— Exercise objective —
Write out again the lines from the line with "27-29 октября в" up to and including the line with "Художественная книга Рипол", exactly as they stand below, and skip any picture.

— Dataset records —
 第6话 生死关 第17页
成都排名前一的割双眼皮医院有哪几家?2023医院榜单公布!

--

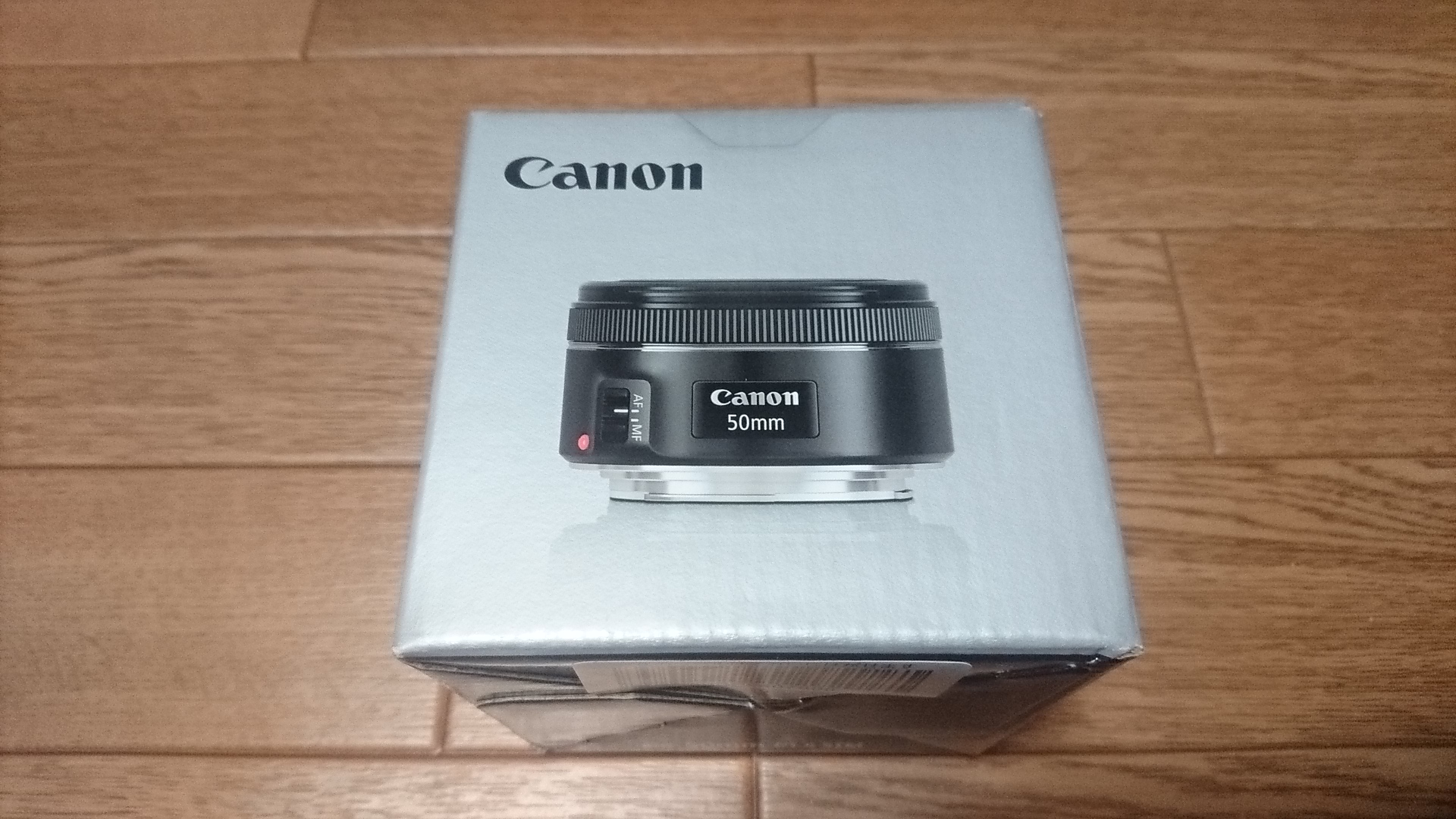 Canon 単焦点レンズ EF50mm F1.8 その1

---

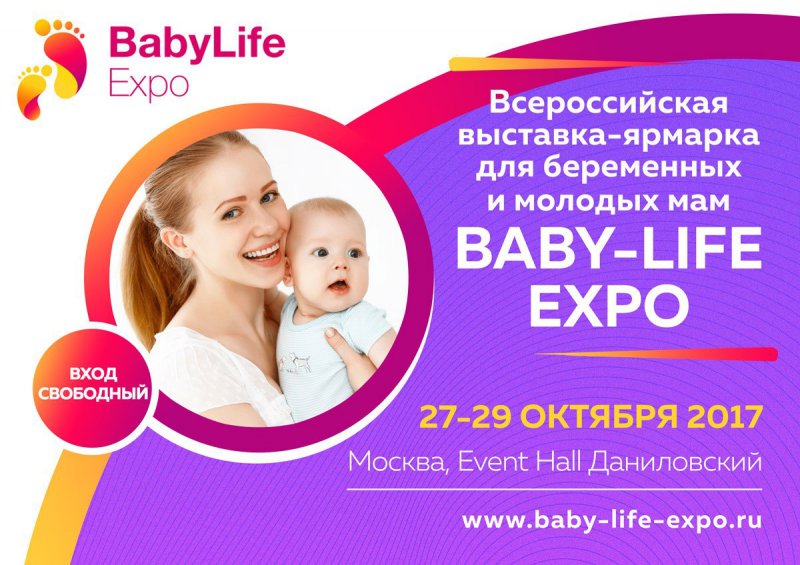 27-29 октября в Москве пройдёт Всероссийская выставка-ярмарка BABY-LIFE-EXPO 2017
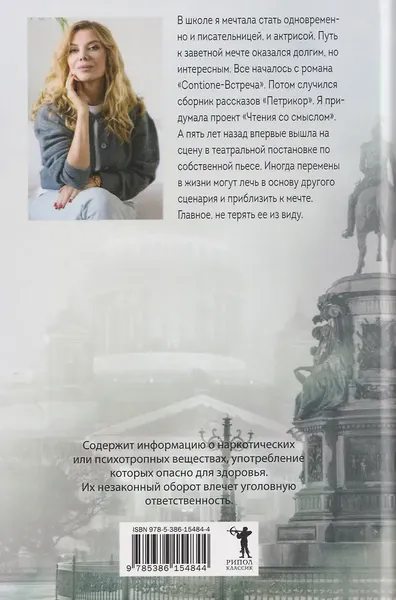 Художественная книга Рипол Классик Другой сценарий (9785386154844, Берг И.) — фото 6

— Your solution —
 27-29 октября в Москве пройдёт Всероссийская выставка-ярмарка BABY-LIFE-EXPO 2017
 Художественная книга Рипол Классик Другой сценарий (9785386154844, Берг И.) — фото 6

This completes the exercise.